[XML-SIG] (Py)DOM: Character References

Carsten Oberscheid co@daisybytes.su.uunet.de
Fri, 19 Mar 1999 10:52:18 +0100


>
> * Carsten Oberscheid
> |
> | Ok, since charrefs encode only characters from the document's base
> | character set (Unicode for XML, ASCII for SGML -- is that right?)
>
> No.  XML uses Unicode, but since XML is SGML (an SGML application
> profile, to be correct), it follows that this isn't true.  And in fact
> SGML as a meta-language does not have a fixed document character set.
> In fact, the SGML declaration allows you to define your own character
> set in terms of well-known character sets.

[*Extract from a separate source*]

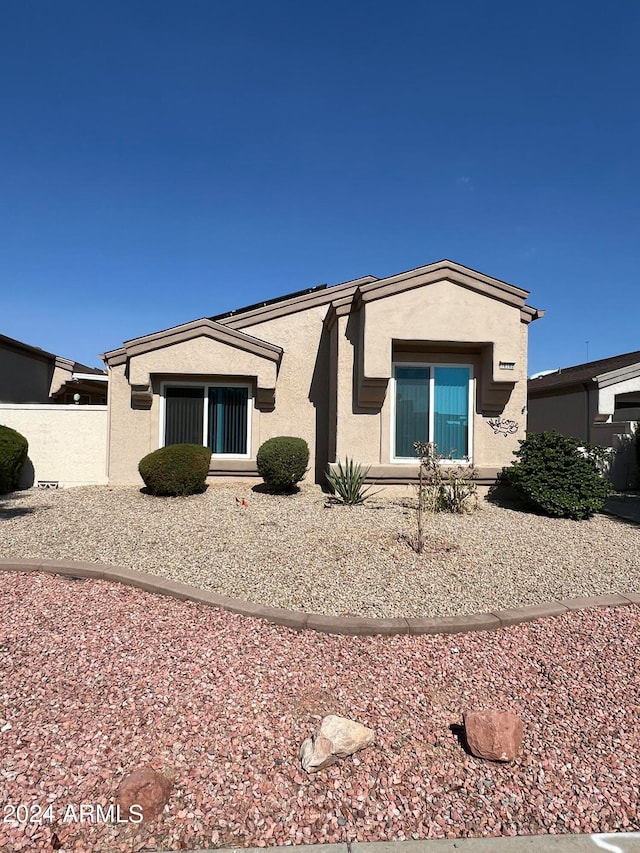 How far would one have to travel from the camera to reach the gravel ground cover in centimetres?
501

Allright, I should have said "SGML according to the standard declaration a.k.a. 
reference concrete syntax" ;^)

>
> So, SGML can use Unicode/ISO 10646, as for example HTML 4.0 does[1],
> but it can also use any other character set which consists of
> well-known characters. It also has standard ways of handling
> characters that are not in the character sets. However, I don't think
> it can handle every character encoding, but I might be wrong.

But that leads be back to my original train of thought. Guess I'm processing 
SGML/XML/HTMLx.x documents on a system that can't cope with the documents' full 
character set, e.g. it can display ASCII only. Since the source and the target 
systems are not limited that way, I don't want to restrict the character set 
itself. I just want, in my intermediate processing, to consequently represent 
the non-ASCII characters as character references.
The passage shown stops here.